Т. АЛЕКСАНДРОВА, (c)

Долинин А. Пушкин и Англия М.: Новое литературное обозрение, 2007

 

Книга известного литературоведа Александра Долинина, представляющая собой цикл научных статей, объединенных общей темой, может быть интересна как специалисту-пушкинисту, так и рядовому читателю, желающему углубить свое понимание известных со школьной скамьи пушкинских творений.

"Великобритания - для русского сознания первой половины XIX века, по формуле современника, страна "свободы,/ Художеств, чудаков,/ Карикатур удачных,/ Радклиф, Шекспиров мрачных, / Ростбифа и бойцов", - привлекала пристальное внимание Пушкина на протяжении едва ли не всей его взрослой, послелицейской жизни.

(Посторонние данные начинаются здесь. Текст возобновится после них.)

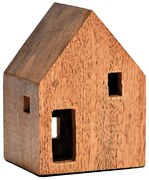 Ξύλινο Διακοσμητικό Σπίτι με διαστάσεις 12x8x9cm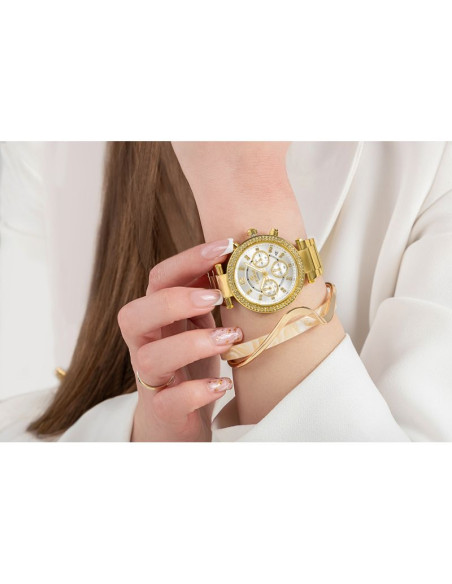 Zegarek damski giewont sapphire złoto srebrny gw3380-b2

Для него, как и для многих образованных русских его поколения, английское государственное и политическое устройство, английская умственная, литературная и практическая жизнь, английское отношение к традициям обладали особой привлекательностью, и характерно, что, мечтая о бегстве на Запад, Пушкин прежде всего воображает "Лондон, чугунные дороги, паровые корабли, английские журналы".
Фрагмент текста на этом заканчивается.